70 tahun kehidupan dari Elizabeth I memang tidak menghasilkan warisan dalam keturunan biologis (anak). Namun, 45 tahun selama memimpin kerajaan Inggris, begitu banyak catatan sejarah dan warisan positif, seperti bertumbuh pesatnya budaya renaissance di Inggris hingga melahirkan pujangga dunia, seperti William Shakespeare dan Cristopher Marlowe. Selain itu, beliau berhasil menciptakan politik yang stabil dan kuat, baik di dalam kerajaan Inggris serta di mata negara Eropa lainnya. Sosok satu ini juga dikenang menciptakan identitas nasional yang hingga kini dikenang oleh Negara Inggris.
Dari sosok ini, kita bisa meyakini bahwa warisan kepada dunia ini tidak hanya tentang warisan biologis yaitu garis keturunan anak, tetapi apakah hidupmu sudah memberikan dampak positif serta warisan indah lainnya yang akan dikenang dan dicatat oleh sejarah? Saya yakin ini jauh lebih bermakna dari sekedar catatan warisan biologis yang tertera di Kartu Keluarga.

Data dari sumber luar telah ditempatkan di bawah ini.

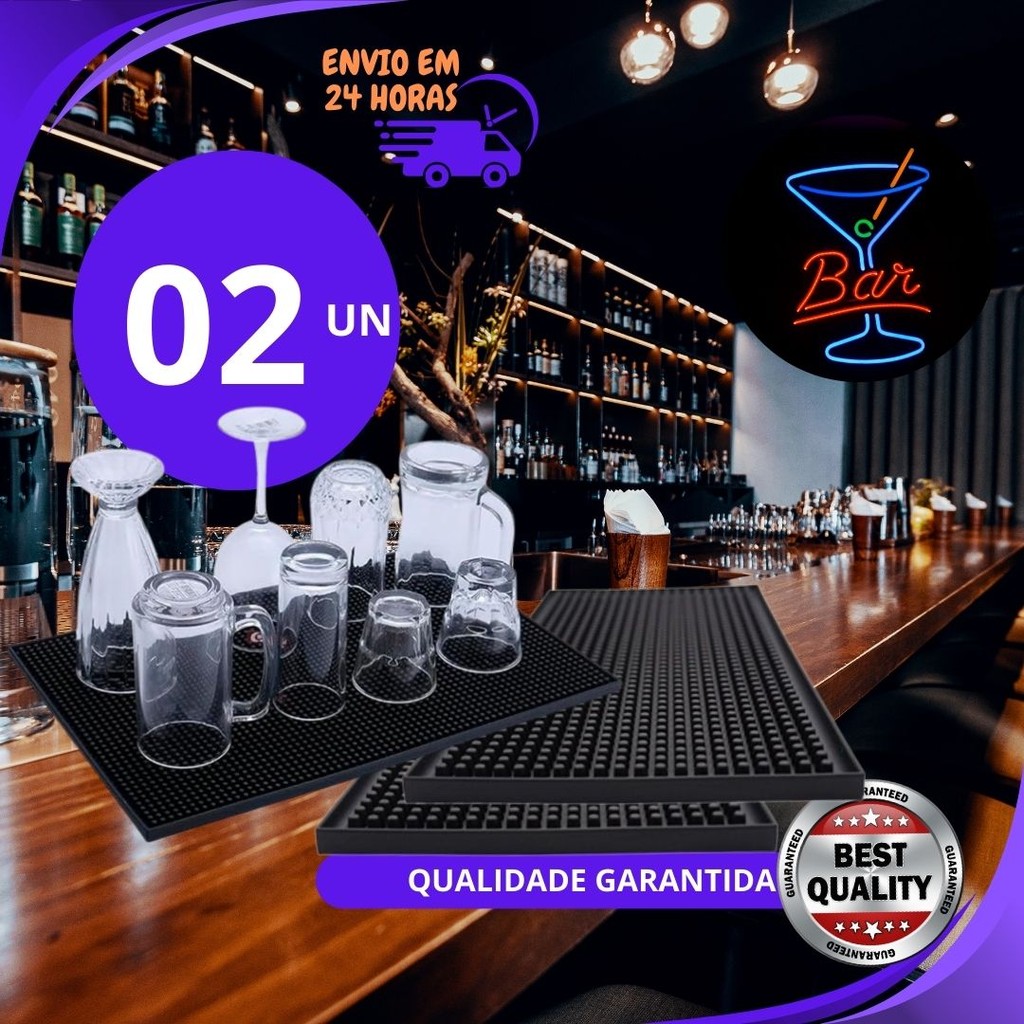 Kit 2 ou 1un Tapete Escorredor Louça Silicone 15x30 Pia Preparo De Drinks Louça Antiderrapante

Terlepas dari childfree yang dikaitkan dengan isu agama, overpopulasi dunia, kegagalan parenting, masa tua yang terkesan lebih suram – yang akan sangat panjang jika diperdebatkan dalam artikel ini, kita tentunya harus sepakat bahwa childfree adalah sebuah keputusan, serta kebebasan wanita dalam mengambil hak istimewa - privilege serta hak prerogatif, yang seharusnya tidak bisa diintervensi dan harus dihormati oleh siapapun. Ini adalah pilihan bagi kaum wanita untuk meninggalkan warisan biologis atau warisan lainnya yang jauh lebih berdampak positif bagi dunia ini.
With, or without children, let your light shine. Be source of love, strength and courage.